Hening tapi Bergemuruh
(Refleksi mingguan)
Oleh : Guru Ataya (Iwan Sumantri)
Cibadak- 20 Juli 2025
Sudah ratusan kali saya berdiri di depan
guru-guru.
Kadang pakai batik, kadang pakai kemeja, bahkan
pernah pakai kaos oblong karena panitia bilang, “Santai aja, Mas, ini cuma
forum komunitas.” Kadang di aula mewah hotel bintang empat, kadang di ruang
kelas yang kipas anginnya bersuara lebih keras dari saya. Tapi isinya sama:
menyampaikan nilai-nilai. Tentang pentinhnya karakter, akhlak, adab, gotong
royong, tanggung jawab, keadilan, kejujuran. Nilai-nilai yang saya peluk erat
dari Gerakan Sekolah Menyenangkan, dan saya taburkan ke mana² seperti petani menabur
benih, meski tak tahu nanti tumbuhnya di mana dan kapan. Saya hanya percaya aja
pasti ada benih yg akan tumbuh.
Lalu beberapa hari lalu, dalam satu sesi, ada
seorang guru mengangkat tangan, suaranya pelan, tapi pertanyaannya menghantam
keras.
“Pak, bagaimana caranya kita terus ngajarin
adab dan akhlak ke anak-anak, padahal mereka hidup di dunia yang menunjukkan
sebaliknya?”
Saya terdiam. Mikrofon masih di tangan. Tapi
mulut saya terkunci. Seperti tubuh saya tahu: ini bukan saatnya menjawab, tapi
saatnya merenung. Bahkan saat mau menuliskan refleksi ini tak sadar bulir
bening merayap perlahan di ujung mata.
Karena iya, ini bukan zaman ketika anak belajar
cuma dari guru & buku. Ini zaman ketika layar 6 inci di genggaman mereka
adalah jendela ke semesta, yg tak semuanya indah. Berita korupsi, kong
kalikong, pemufakatan jahat, kekerasan, kebohongan, fitnah yg laris manis,
ditonton berjuta-juta kali, dikomentari dengan tawa, dijadikan hiburan sampai
dianggap biasa. Dan semua itu... ada di depan mata anak² kita.

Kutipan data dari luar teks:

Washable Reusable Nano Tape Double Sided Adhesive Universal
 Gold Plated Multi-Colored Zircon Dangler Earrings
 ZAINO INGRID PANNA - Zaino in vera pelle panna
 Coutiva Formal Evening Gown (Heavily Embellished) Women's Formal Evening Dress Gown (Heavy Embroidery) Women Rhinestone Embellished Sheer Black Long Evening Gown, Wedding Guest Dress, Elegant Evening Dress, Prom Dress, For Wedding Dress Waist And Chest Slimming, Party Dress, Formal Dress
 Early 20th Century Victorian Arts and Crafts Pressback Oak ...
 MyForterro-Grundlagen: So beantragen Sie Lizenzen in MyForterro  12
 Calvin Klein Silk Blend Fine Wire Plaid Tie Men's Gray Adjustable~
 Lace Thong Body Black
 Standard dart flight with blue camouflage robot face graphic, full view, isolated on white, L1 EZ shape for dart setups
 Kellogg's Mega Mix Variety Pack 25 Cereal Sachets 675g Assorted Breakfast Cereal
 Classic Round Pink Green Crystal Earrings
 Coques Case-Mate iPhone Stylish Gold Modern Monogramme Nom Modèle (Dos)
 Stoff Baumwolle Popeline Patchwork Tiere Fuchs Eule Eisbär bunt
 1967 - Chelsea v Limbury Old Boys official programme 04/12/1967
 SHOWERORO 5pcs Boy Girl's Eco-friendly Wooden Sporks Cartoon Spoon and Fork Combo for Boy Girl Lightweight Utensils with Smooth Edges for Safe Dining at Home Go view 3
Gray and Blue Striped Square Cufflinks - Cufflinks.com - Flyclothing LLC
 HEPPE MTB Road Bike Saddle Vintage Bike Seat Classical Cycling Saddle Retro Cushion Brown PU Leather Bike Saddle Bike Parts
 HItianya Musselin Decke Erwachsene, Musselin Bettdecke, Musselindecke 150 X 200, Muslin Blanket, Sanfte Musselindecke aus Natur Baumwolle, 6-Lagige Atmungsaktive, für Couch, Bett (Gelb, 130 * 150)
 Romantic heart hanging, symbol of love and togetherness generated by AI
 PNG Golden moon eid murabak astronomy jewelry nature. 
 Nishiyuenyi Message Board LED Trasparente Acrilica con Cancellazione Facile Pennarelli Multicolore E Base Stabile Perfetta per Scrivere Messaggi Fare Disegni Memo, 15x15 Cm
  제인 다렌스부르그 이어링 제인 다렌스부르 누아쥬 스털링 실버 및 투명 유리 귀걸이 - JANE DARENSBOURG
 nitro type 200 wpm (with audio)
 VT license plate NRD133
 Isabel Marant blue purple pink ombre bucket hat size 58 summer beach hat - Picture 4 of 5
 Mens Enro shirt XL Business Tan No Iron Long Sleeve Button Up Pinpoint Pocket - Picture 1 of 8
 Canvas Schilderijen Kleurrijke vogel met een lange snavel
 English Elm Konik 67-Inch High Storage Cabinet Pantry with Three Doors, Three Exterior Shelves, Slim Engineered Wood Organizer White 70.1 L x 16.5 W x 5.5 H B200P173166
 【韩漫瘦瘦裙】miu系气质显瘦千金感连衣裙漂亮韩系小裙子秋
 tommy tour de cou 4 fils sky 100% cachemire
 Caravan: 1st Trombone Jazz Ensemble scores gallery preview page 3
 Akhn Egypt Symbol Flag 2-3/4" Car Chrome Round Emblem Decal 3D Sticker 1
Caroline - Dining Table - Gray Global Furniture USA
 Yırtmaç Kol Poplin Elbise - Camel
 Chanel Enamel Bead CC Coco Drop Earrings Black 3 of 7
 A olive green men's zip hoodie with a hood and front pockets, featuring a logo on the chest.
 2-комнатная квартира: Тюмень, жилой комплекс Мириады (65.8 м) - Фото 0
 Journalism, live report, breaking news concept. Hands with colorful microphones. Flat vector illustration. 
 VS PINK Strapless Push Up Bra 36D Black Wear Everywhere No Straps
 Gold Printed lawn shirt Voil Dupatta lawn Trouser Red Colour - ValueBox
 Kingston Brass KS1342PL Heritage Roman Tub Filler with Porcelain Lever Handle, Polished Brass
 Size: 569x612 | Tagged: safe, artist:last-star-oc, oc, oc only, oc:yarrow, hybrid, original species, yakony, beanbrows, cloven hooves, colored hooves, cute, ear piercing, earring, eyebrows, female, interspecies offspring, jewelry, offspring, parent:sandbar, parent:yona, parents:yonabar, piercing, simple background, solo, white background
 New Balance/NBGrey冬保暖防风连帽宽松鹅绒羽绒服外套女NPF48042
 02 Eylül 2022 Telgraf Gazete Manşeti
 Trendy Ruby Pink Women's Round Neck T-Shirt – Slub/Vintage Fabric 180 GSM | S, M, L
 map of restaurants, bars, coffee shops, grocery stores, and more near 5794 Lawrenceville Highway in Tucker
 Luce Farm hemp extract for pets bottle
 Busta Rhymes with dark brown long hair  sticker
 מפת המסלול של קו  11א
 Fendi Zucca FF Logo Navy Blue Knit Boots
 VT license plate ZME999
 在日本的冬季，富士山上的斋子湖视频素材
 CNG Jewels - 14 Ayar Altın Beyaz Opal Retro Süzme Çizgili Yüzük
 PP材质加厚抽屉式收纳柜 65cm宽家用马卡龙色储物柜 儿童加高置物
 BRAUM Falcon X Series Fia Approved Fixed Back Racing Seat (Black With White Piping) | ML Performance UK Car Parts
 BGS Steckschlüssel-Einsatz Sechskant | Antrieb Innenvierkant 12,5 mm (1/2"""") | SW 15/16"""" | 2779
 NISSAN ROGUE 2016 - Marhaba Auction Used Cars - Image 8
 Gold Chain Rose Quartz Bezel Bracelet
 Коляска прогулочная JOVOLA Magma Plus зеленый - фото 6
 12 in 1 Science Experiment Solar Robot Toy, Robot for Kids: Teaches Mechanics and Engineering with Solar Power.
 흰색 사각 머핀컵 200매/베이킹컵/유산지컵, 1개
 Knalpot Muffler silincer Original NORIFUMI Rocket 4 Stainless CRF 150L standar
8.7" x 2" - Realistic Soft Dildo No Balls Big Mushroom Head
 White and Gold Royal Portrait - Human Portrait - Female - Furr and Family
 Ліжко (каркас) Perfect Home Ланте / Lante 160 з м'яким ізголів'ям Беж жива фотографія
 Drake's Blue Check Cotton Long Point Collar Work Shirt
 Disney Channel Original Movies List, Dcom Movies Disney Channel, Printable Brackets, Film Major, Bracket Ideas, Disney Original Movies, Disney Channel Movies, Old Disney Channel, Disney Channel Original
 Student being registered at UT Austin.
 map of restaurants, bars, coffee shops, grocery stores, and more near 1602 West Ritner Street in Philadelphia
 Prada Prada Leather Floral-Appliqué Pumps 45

Lalu anak kita, yg polos dan tulus, bertanya
pada gurunya:
“Pak, kalau berlaku adil itu baik, kenapa orang
yang meminta keadilan malah dikucilkan? Kenapa yang bohong malah jadi
terkenal?”
Dan sepintar-pintarnya kita sebagai guru
menjawab, tetap ada ruang sunyi dalam hati kita yg tak bisa menjawab apa²
karena kita tahu, anak itu... benar.
Saya teringat buku “Educating for Character”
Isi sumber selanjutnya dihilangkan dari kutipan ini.